ASSIGNMENT. All of the data below should be printed again exactly, pictures excluded.

DATASET CONTENT.
+++

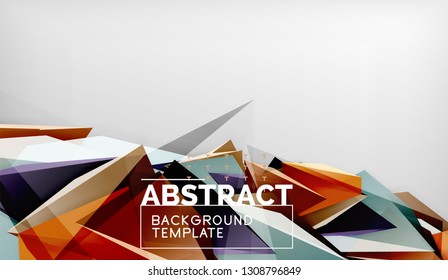 Abstract color triangles geometric background. Mosaic triangular low poly style. Vector illustration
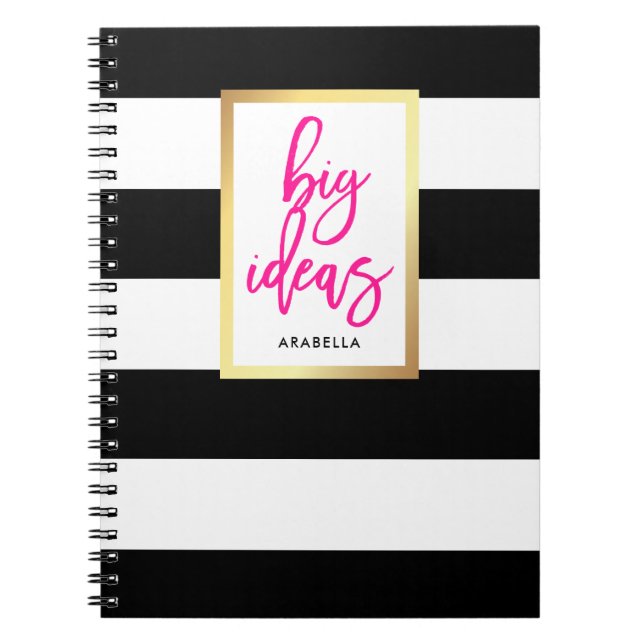 Trendy Black and White Stripes Gold and Typography Notebook (Front)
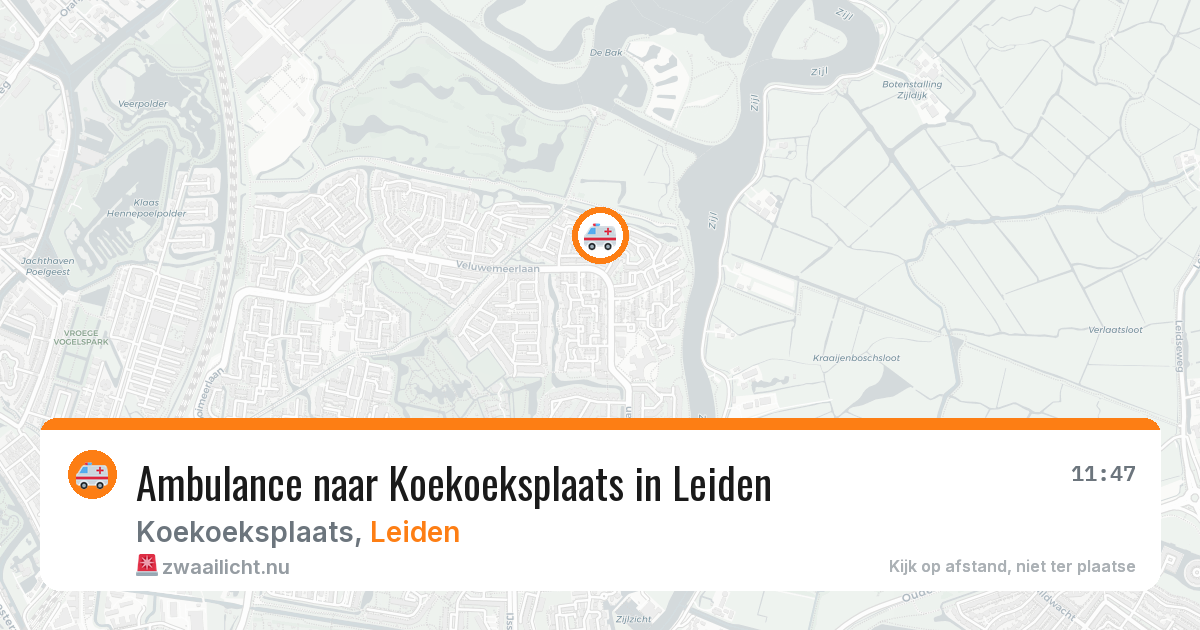 Ambulance naar Koekoeksplaats in Leiden — 21 jul 2026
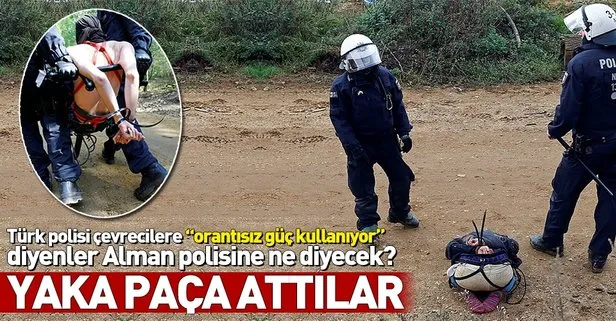 Alman polisi Hambach Ormanındaki çevrecileri yaka paça dışarı attı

+++

EXERCISE SOLUTION.
 Abstract color triangles geometric background. Mosaic triangular low poly style. Vector illustration
 Trendy Black and White Stripes Gold and Typography Notebook (Front)
 Ambulance naar Koekoeksplaats in Leiden — 21 jul 2026
 Alman polisi Hambach Ormanındaki çevrecileri yaka paça dışarı attı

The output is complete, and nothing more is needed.